_TASK DIRECTIONS_: What you should give back is a precise copy of the lines below from the one containing "Товар Hublot Classic" through the one containing "Fitness studio", with no pictures.

_RECORDS TO USE_:
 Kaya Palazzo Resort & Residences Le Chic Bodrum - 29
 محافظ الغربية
--
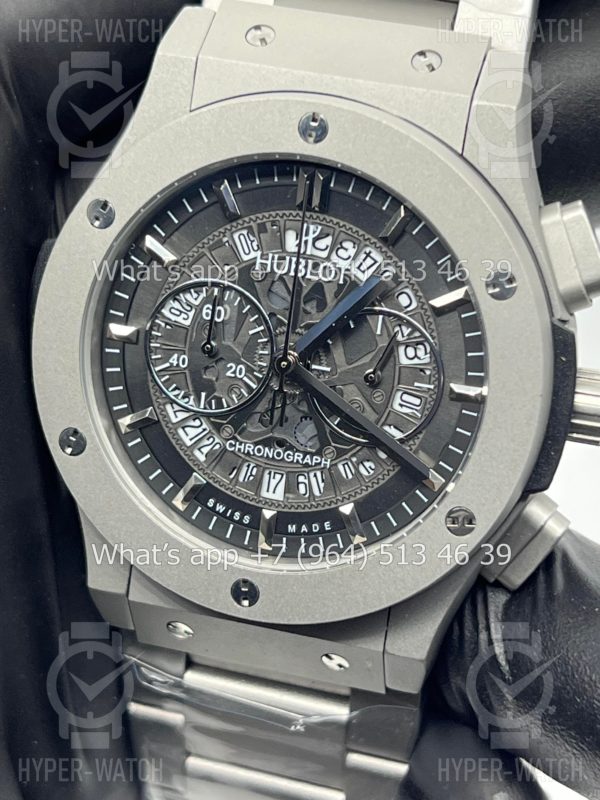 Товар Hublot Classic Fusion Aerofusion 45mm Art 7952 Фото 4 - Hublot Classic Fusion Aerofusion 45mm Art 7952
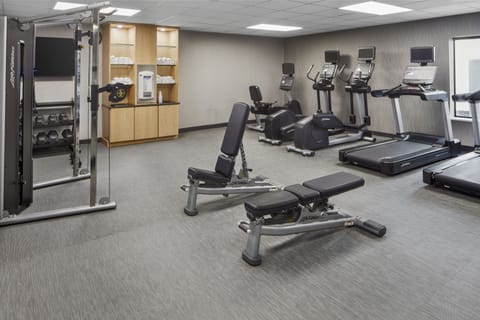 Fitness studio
* * *
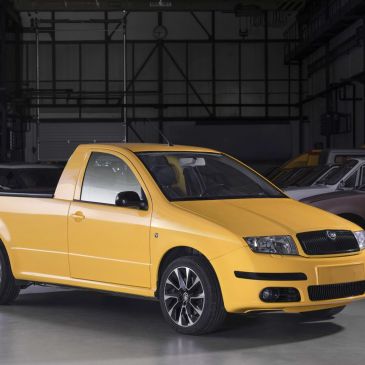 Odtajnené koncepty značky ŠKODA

_TASK OUTPUT_:
 Товар Hublot Classic Fusion Aerofusion 45mm Art 7952 Фото 4 - Hublot Classic Fusion Aerofusion 45mm Art 7952
 Fitness studio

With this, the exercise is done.